Die europäischen Regierungen versuchen krampfhaft, auf die steigenden Energiekosten für Unternehmen und Haushalte zu reagieren und Alternativen zu den russischen Lieferungen für den Winter zu finden.

Die westlichen Länder befürchten, dass Moskau die Gaspreise in die Höhe treibt, um ihre Entschlossenheit zu schwächen, sich der Invasion in der Ukraine zu widersetzen - eine Taktik, die der ukrainische Präsident Wolodymyr Zelenskij am Montag als Wirtschaftsterrorismus bezeichnete. Moskau bestreitet dies.

"Es ist ganz klar, dass Russland Gas als Kriegswaffe einsetzt und wir müssen uns auf den schlimmsten Fall einer vollständigen Unterbrechung der Lieferungen vorbereiten", sagte die französische Ministerin für Energiewende, Agnes Pannier-Runacher, dem Radiosender France Inter.

Sie äußerte sich, nachdem der französische Energieversorger Engie mitgeteilt hatte, dass er wegen eines nicht näher bezeichneten Vertragsstreits ab Dienstag weniger Gas von Gazprom erhalten werde.

Europa weiß bereits, dass es zu Lieferengpässen kommen wird, da Gazprom die Gaspipeline Nord Stream 1 nach Deutschland von Mittwoch bis Freitag wegen Wartungsarbeiten abschaltet.

Die französische Premierministerin Elisabeth Borne forderte am Montag die Unternehmen auf, bis nächsten Monat Energiesparpläne zu erstellen. Sie warnte, dass sie als erste betroffen wären, wenn Frankreich gezwungen wäre, die Gas- und Stromlieferungen zu rationieren.

STEIGENDE RECHNUNGEN

Die europäischen Energieminister werden am 9. September eine Dringlichkeitssitzung abhalten, um die Krise zu diskutieren.

Deutschland ist bereit, eine Preisobergrenze für Gas in Betracht zu ziehen, berichteten mehrere italienische Zeitungen am Dienstag unter Berufung auf eine Textnachricht des deutschen Wirtschaftsministers an die Energieminister in ganz Europa.

Ein Sprecher des Wirtschaftsministeriums sagte, Deutschland werde auf dem Treffen der Energieminister darüber diskutieren, wie die extreme Spirale der Gaspreise durchbrochen werden könne, äußerte sich aber nicht direkt zu den Einzelheiten des Berichts.

Der italienische Ministerpräsident Mario Draghi, der ehemalige Chef der Europäischen Zentralbank, hat sich für eine solche Preisobergrenze eingesetzt und auch Schritte zur Entkopplung der Stromkosten vom Gaspreis gefordert.

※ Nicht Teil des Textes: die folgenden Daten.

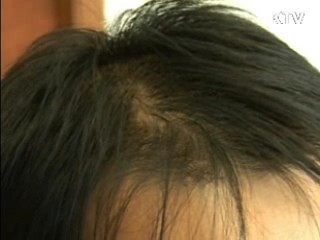 탈모증 진료 환자 절반이 20~30대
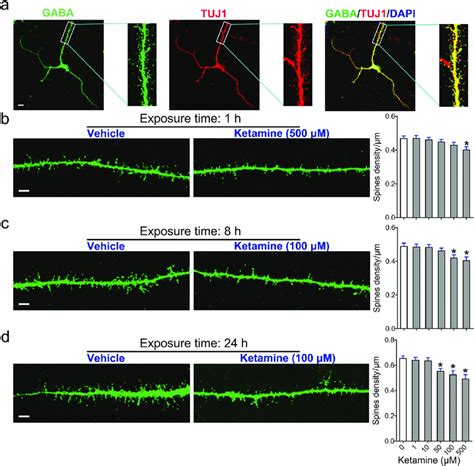 Effects Of Ketamine On Dendritic Spine Maturation In MSNs A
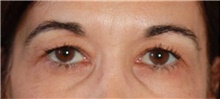 Eyelid Surgery Before Photo by Leonard Miller, MD; Brookline, MA - Case 41147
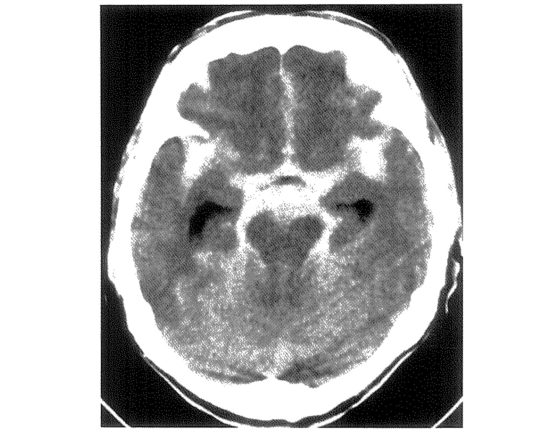クモ膜下出血のCT_【100H18】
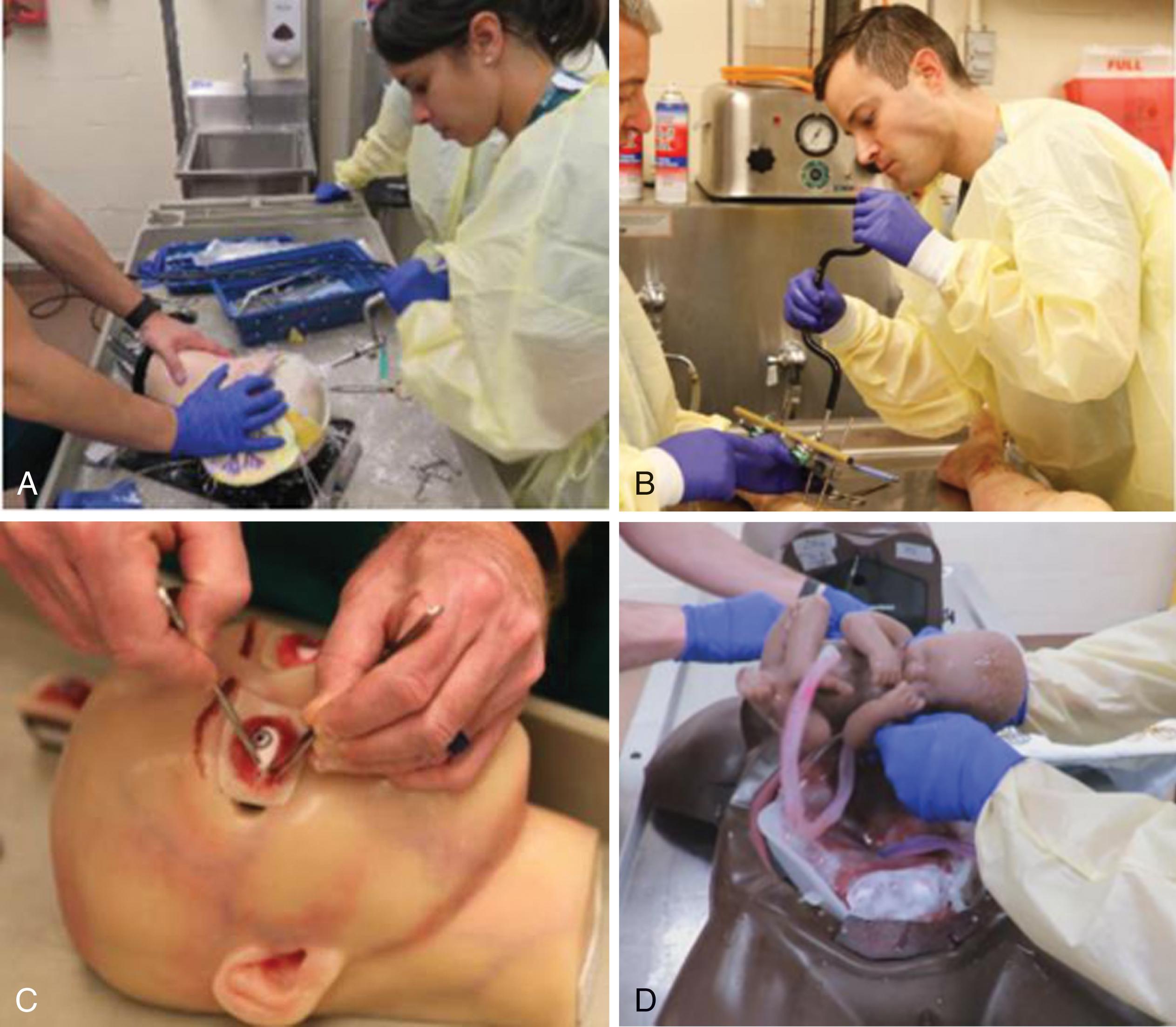 FIGURE 9, Advanced part task simulators used to teach craniotomy (A) , external fixation of an extremity (B) , lateral canthotomy and cantholysis (C) , and emergency cesarean section (D) .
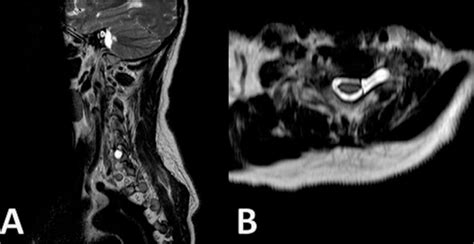 Scielo Brasil Magnetic Resonance As A Method For Diagnosis For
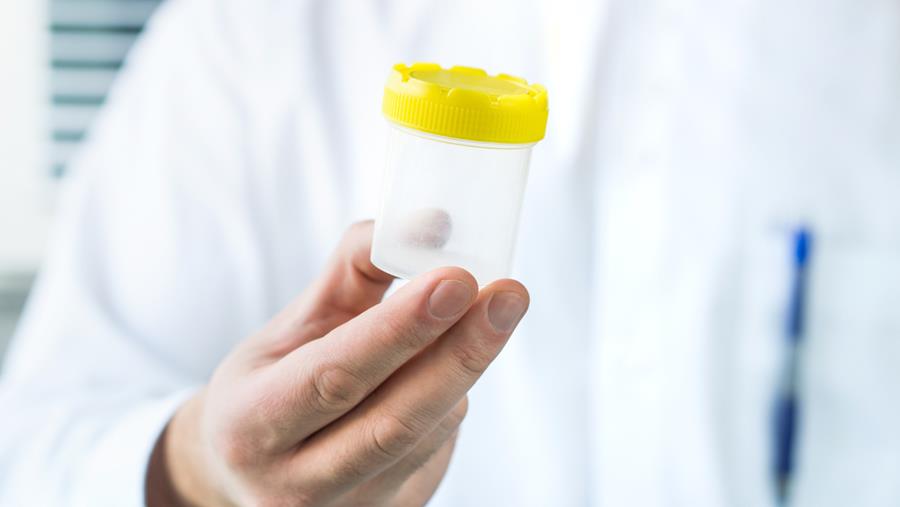 Regering schaft verplichte anonimiteit van spermadonoren af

Ein solcher Schritt würde es den europäischen Haushalten ermöglichen, die Vorteile von Strom aus billigeren Quellen wie erneuerbaren Energien zu nutzen.

Eine gewisse Entspannung gab es am Dienstag, als die Benchmark-Gaspreise im niederländischen Großhandel nachgaben, da Europa sein Ziel, die Gasspeicher zu 80 % zu füllen, fast erreicht hatte und die Händler nach den Rekordpreisen der letzten Woche Gewinne mitnahmen.

Der Frontmonats-Gaskontrakt lag am Dienstagmorgen mit 259 Euro/MWh um 3% unter dem in der vergangenen Woche erreichten Allzeithoch und wird mehr als fünfmal so hoch gehandelt wie vor einem Jahr.

Die steigenden Kosten der Krise wurden deutlich, als das EU-Mitglied Österreich erklärte, es bereite sich darauf vor, Milliarden von Euro in das Stromunternehmen zu pumpen, das einen Großteil der Hauptstadt Wien versorgt, nachdem ein Preisanstieg auf den Strommärkten dazu geführt hatte, dass das Unternehmen nicht mehr in der Lage war, die zur Deckung von Markttransaktionen erforderlichen Garantien zu leisten.

Wien Energie, das der Stadt Wien gehört, hat die Bundesregierung am Wochenende um Hilfe gebeten und die Stadt hat einen "akuten Finanzierungsbedarf" von 6 Milliarden Euro festgestellt.

Den Haag in den Niederlanden, Sitz der EU-Strafverfolgungsbehörde Europol, erklärte letzte Woche, dass es eine vorübergehende Ausnahme von den EU-Sanktionen gegen Russland beantragen werde, da es darum kämpfe, einen Ersatz für seinen Vertrag mit Gazprom zu finden.

Die Sanktionen verpflichten Regierungen und andere öffentliche Einrichtungen, bestehende Verträge mit russischen Unternehmen bis zum 10. Oktober zu beenden.